New Law May Impact Border Fleets
January 26, 2000
After declining steadily in recent years, trucking rates at the U.S.-Mexico border are expected to stabilize or even increase because of a law that took effect on Jan. 1.
The law could also lead to a serious shortage of drivers and equipment in high-volume trucking lanes between Mexican assembly plants, or maquiladoras, and destinations in the U.S., according to the Journal of Commerce.
Section 219 of the U.S. Motor Carrier Safety Improvement Act of 1999 makes it illegal for Mexican carriers to lease their equipment and drivers to U.S. trucking companies for use beyond the commercial trucking zones along the border.
The practice became popular after U.S.-Mexican trade exploded with passage of the North American Free Trade Agreement in December 1992. More than 300 Mexican carriers now lease equipment or drivers to U.S. trucking companies that operate outside the 20-mile commercial border zone in California, Armando Freire, president of Dimex Freight Systems in San Diego told the Journal of Commerce.

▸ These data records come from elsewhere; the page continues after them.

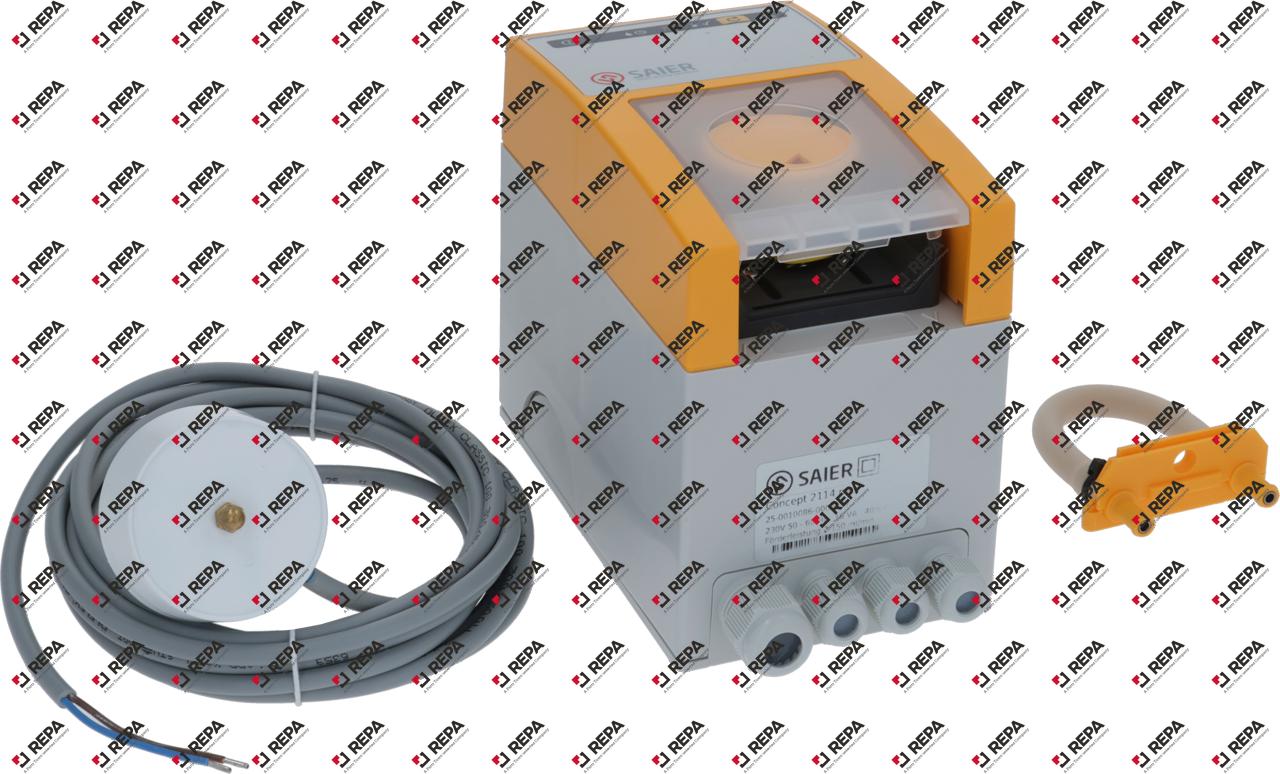 dosing pump SAIER conductivity control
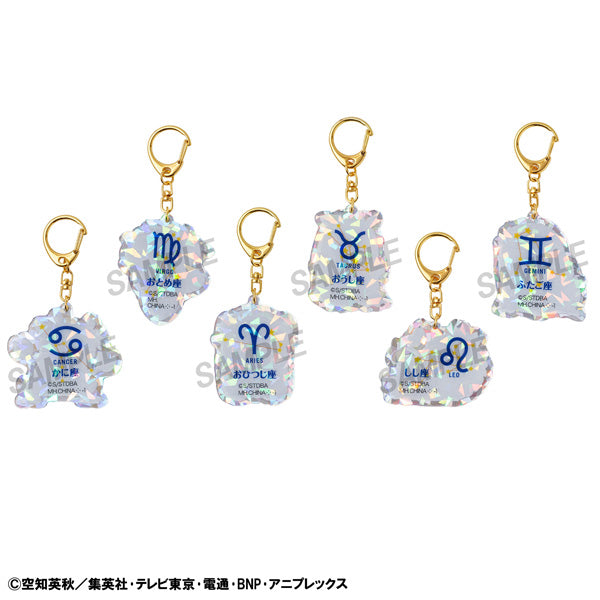 Acrylic Mascot Gintama Elizabeth 12 zodiac signs spring ＆ summer (set of 6) 銀魂 星座 伊利莎白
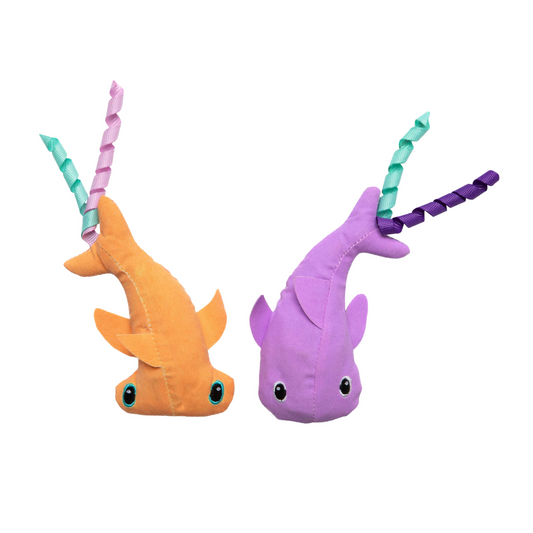 Quirky Kitty Cool Sharks 2pk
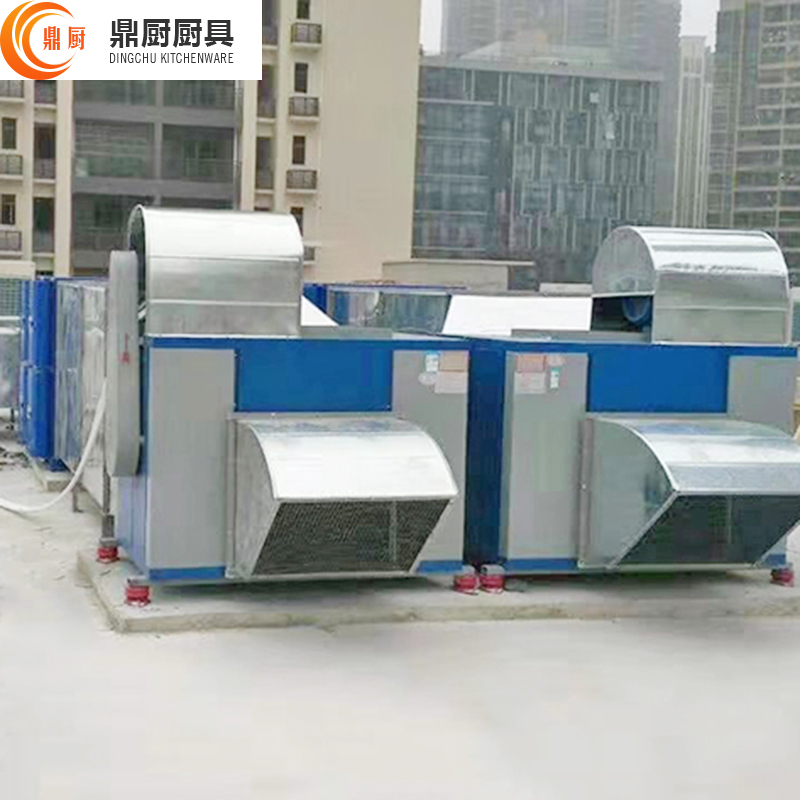 东莞市鼎厨厨具设备有限公司-食堂厨房排烟系统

This practice led to a steady deterioration of rates, said Freire, who also is chairman of the International Border Policy Subcommittee of the California Trucking Association.
The California Trucking Association worked with the American Trucking Associations to promote passage of the legislation. The bill took effect on Jan. 1, but local authorities have delayed enforcement until at least mid- February.

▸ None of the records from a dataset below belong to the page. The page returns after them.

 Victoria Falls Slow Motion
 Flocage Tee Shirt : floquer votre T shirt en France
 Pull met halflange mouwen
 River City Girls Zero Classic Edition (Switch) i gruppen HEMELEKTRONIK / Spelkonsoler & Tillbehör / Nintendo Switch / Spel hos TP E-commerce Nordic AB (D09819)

"We have a moratorium to allow those companies involved in complicated leases to get out of them,'' said Manny Padilla, chief of the Enforcement Services Division of the California Highway Patrol.
Padilla said that in California, the moratorium will last until Feb. 19, and may be extended.

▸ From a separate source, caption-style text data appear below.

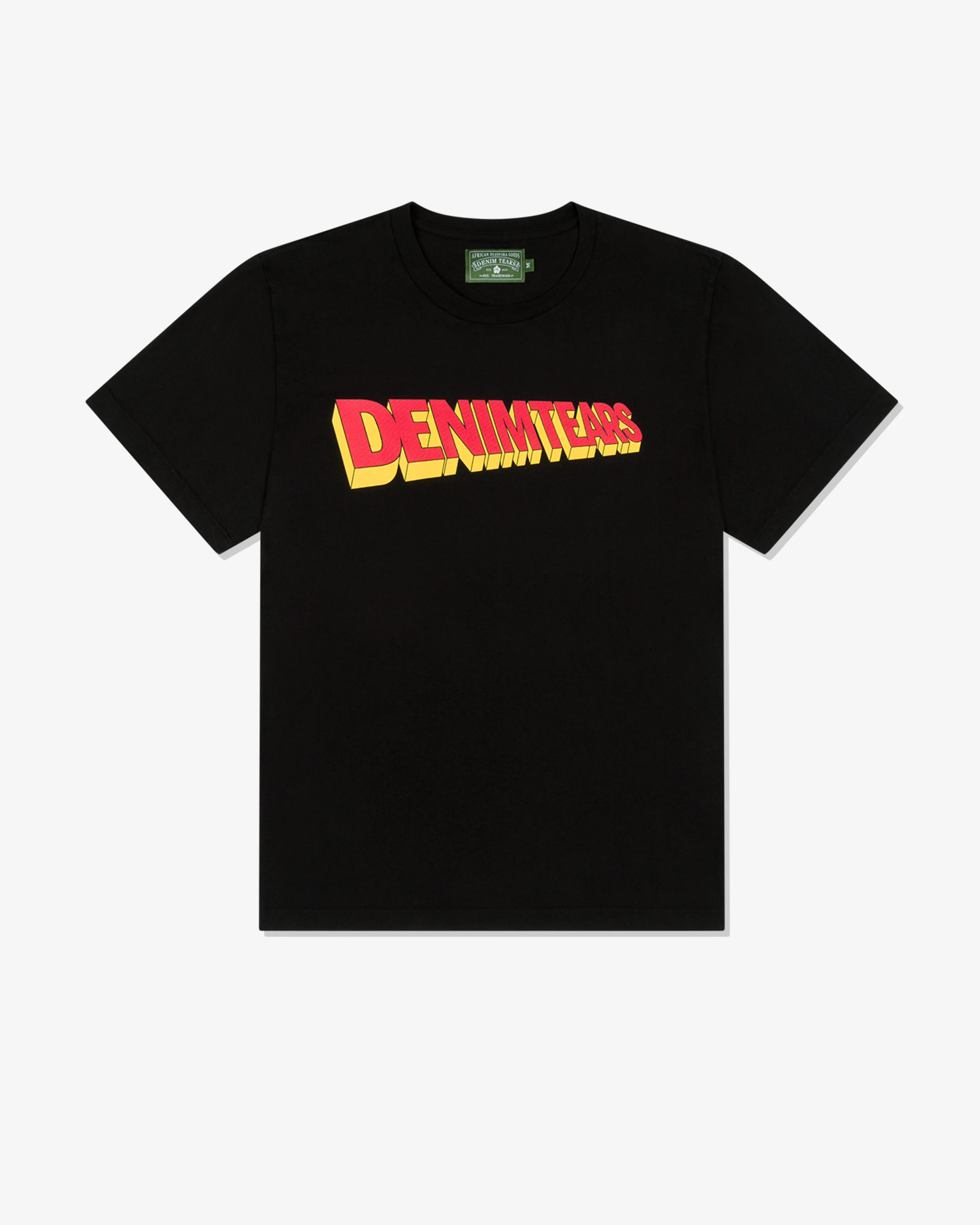 Denim Tears - Men's Stan T-Shirt - (Black)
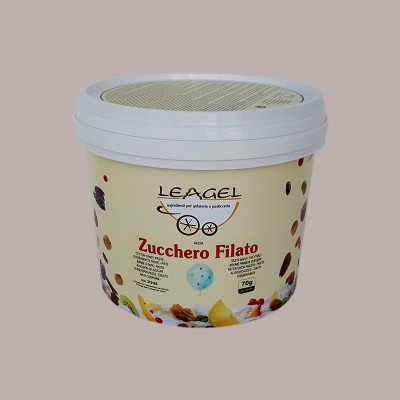 Pasta al Gusto di Zucchero Filato ideale per Gelato Dolci Leagel 3,5 Kg [7fa867c9]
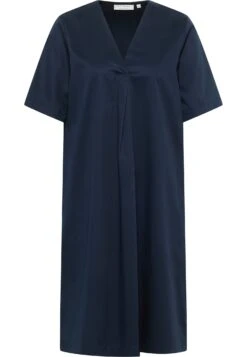 Eterna Loose Fit - Jurk - Navy -Eterna fe3e6cce2200461aaf581e6e8f6f820e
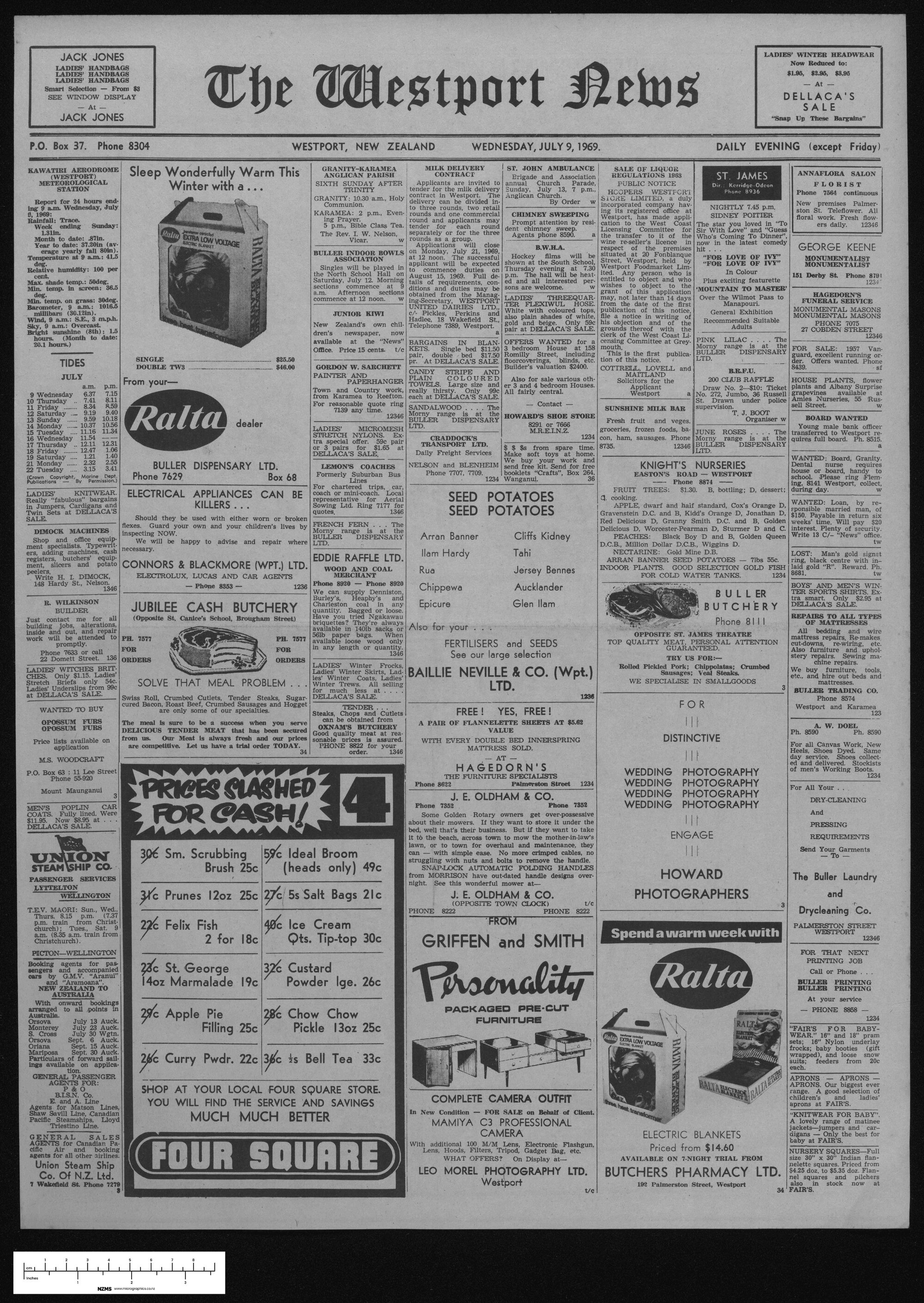 1969-07-09 Westport News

Some fleets fear enforcement of the legislation will aggravate the driver and equipment shortage in California. It will do so directly by forcing U.S. carriers to dissolve their leases with Mexican companies, and indirectly by having a "chilling effect'' on Mexican nationals who are operating
legally in the state, said Greg Stefflre, a Long Beach attorney and fleet owner.
"If you think we have a capacity problem now, 37 percent of all drivers in California have Hispanic names,'' he said.
The two-way trade between the United States and Mexico grew from $5 billion when Nafta took effect seven years ago to $19.5 billion last year. Commercial vehicles last year made about 4 million cross-border trips.
Although business is booming, competition among trucking companies in the U. S.-Mexico trade is intensifying. According to a Nov. 4, 1999, report by the Office of the U.S. Inspector General, some 8,400 Mexico-based motor carriers have authority to operate in the
U.S. About 98 percent of those are restricted to commercial zones that extend from three to 20 miles from the border.